BishopAccountability.org
 
 

Detective Challenges O'farrell over Catholic Abuse Claims

By Suzanne Smith
Radio Australia
November 9, 2012

http://www.radioaustralia.net.au/international/2012-11-09/detective-challenges-ofarrell-over-catholic-abuse-claims/1043674

A top cop challenges NSW Premier Barry O'Farrell to call a Royal Commission, alleging the Catholic Church covers up for paedophile priests, silences investigations, and destroys crucial evidence to avoid prosecutions.

Detective Chief Inspector Peter Fox has spent more than 30 years as an investigator and has been at the centre of major police operations in the Newcastle-Hunter region of New South Wales.

He has written a letter to Mr O'Farrell, published in the Newcastle Herald, calling for a Royal Commission into child sex abuse within the Catholic Church.

Mirroring police evidence given to the Victorian inquiry into the Catholic Church launched this year, he says in his letter: "Many police are frustrated by this sinister behaviour which will continue until someone stops it."

"I can testify from my own experience that the church covers up, silences victims, hinders police investigations, alerts offenders, destroys evidence and moves priests to protect the good name of the church. None of that stops at the Victorian border."

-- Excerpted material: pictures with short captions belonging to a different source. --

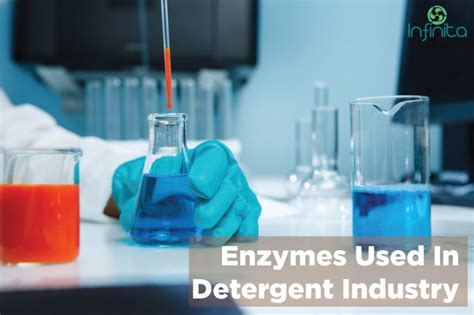 Enzymes Used In Detergent Industry Infinita Biotech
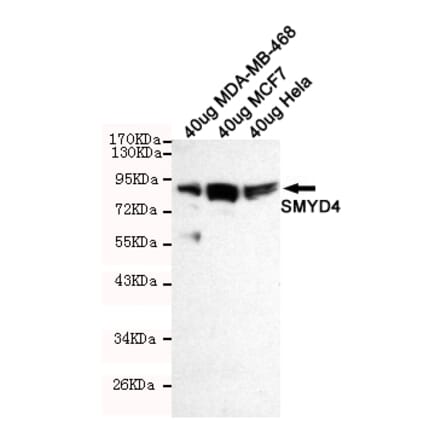 Western blot - SMYD4 Monoclonal Antibody from Signalway Antibody (27215) - Antibodies.com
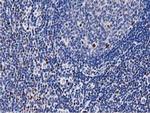 MSI1 Antibody in Immunohistochemistry (Paraffin) (IHC (P))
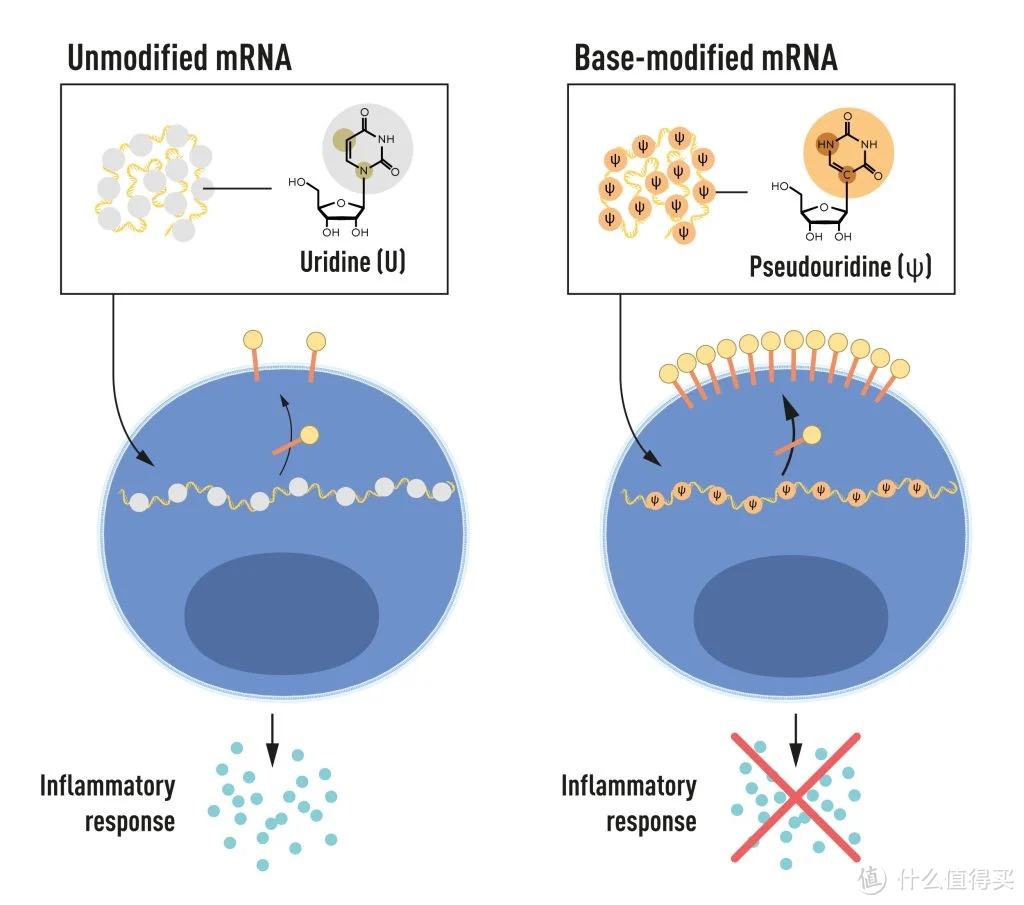 研究mRNA 疫苗有什么意义，为什么能获诺奖？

Abuse statistics for the Newcastle-Maitland diocese paint an ugly picture:

400 known victims of child sexual abuse by clergy

11 clergy charged and convicted since 1995

6 Catholic teachers convicted since 1995

3 priests currently on trial

First priest charged this year with concealing the crimes of another

12 priests involved in substantial compensation claims

Highest known compensation payout to a victim - $3 million

Two police strike forces are investigating whether church officials were involved in covering up crimes.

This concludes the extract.